I was not raised in a home that worshipped a powerful God. I grew up in Northern California with divorced, wanna-be hippie parents, who only used the Lord’s name out of disappointment or rage. As a child, I went to church maybe five times. My mom had migrated to America from Amsterdam with her Jewish father and Christian mother, who, at the time, were fleeing the Holocaust. Her family life was filled with dread, terror, and strife. My dad turned away from Catholicism as a teenager and joined the race of self-made men. By the time I was in high school, I was just living my life the best way I knew how. Around this time, and despite my parents’ lack of faith, God allowed me to have a sense of Him without any biblical knowledge or traditional mentoring. One of the biggest turning points in my life was in my twenties when my older brother had an overnight conversion to follow Christ. My family and I found his conversion to be off-putting, alarming, and the aroma to be foul-smelling. I would hear the sin-laden testimonies of his church friends and think, they obviously needed Jesus, whereas I’m not doing sinful things, so I don’t. Thankfully, however, my skepticism did not stop my brother from sharing the Word with us or praying for our salvation.
A few years later, I was living in Manhattan and dating the man who would become my husband. I had secretly thought I would devote myself to any religion that my future husband practiced, so as our relationship developed, I asked to tag along with him to his church. That was the beginning of my church exposure. Seeds were planted, but I didn’t really grasp the gospel. I seemed so deaf to it. It did not pierce my soul. Both my husband and I thought people were generally good and we were too, so why worry about changing anything?

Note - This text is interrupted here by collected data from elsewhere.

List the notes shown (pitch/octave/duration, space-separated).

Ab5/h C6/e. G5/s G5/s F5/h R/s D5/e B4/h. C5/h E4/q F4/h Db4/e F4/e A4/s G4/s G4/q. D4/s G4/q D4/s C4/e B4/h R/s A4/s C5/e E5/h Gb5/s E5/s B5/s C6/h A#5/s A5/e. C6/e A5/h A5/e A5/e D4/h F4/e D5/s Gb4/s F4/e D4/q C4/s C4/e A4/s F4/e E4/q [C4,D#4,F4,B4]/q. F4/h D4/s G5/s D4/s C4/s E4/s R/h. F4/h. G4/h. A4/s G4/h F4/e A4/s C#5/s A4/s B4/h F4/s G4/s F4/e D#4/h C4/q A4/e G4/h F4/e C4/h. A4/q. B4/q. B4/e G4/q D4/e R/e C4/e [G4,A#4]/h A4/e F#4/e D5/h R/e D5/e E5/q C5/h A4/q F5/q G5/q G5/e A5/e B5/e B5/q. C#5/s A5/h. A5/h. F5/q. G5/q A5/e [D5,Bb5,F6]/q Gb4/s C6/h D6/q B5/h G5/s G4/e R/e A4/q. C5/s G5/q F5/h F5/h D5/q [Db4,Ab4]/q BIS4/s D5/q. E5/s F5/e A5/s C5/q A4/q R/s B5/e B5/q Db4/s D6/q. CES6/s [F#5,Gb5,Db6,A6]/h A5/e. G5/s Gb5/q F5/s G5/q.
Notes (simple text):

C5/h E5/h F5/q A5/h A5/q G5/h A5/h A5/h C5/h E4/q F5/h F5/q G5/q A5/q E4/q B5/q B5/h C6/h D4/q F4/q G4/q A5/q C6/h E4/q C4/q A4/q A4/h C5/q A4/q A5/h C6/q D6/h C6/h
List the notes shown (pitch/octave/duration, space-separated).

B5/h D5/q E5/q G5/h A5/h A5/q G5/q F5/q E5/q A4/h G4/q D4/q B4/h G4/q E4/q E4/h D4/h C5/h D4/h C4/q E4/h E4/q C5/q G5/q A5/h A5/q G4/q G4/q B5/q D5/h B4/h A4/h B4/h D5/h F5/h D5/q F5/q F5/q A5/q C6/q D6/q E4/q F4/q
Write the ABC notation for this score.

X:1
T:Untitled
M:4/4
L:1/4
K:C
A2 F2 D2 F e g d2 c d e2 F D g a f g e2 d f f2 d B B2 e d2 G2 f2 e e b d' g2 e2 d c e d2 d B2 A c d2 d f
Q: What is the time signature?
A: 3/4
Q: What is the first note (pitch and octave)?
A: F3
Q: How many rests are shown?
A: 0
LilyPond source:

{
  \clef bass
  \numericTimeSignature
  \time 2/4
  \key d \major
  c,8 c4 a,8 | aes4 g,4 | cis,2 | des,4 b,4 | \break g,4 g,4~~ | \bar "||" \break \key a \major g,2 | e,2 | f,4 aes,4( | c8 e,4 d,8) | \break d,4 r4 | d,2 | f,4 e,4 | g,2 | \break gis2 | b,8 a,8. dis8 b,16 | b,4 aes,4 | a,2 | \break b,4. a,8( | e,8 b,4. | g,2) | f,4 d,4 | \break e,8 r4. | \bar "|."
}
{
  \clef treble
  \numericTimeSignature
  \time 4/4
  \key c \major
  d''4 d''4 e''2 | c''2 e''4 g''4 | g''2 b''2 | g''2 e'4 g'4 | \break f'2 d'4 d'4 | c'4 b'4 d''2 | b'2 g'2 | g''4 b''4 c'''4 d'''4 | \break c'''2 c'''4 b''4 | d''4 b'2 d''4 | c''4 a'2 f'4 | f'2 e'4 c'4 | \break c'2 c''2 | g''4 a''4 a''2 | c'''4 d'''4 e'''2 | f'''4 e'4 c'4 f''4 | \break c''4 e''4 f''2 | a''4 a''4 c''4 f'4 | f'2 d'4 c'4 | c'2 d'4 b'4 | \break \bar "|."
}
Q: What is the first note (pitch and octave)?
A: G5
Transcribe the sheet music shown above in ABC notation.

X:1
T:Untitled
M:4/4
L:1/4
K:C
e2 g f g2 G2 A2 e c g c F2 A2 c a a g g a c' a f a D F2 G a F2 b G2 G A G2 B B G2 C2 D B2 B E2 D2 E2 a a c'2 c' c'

We got married in a church, moved to Charlotte, and enrolled our three girls in a church preschool. My 4-year-old, Julia, got invited to a friend’s church’s Kids Week. Never having heard of such a thing, I was touched that it was FREE and the mom had volunteered to take Julia to and from each day. The second day Julia was sitting at our kitchen table singing, “Take me home to Jesus,” and it stopped me in my tracks. It was the first time I can recall the Holy Spirit speaking directly to me. This was not just a catchy Kid’s Week song we had been playing in the car. It wasn’t even a song she had been learning at Kid’s Week, it was just my daughter singing her stream of consciousness. Thanks to my children participating in this Kid’s Week, we learned and memorized our first bible verses. “Trust in the Lord with all your heart and lean not on your own understanding,” was downright shocking to me with my 35 years of believing I was the god of my own life. On the third day of camp, all the families were invited to a FREE dinner with the church members. The warmth and comradery made me want to belong. There was obviously something different about these people, and it was attractive. On the last day of camp, I wasn’t ready for it to end.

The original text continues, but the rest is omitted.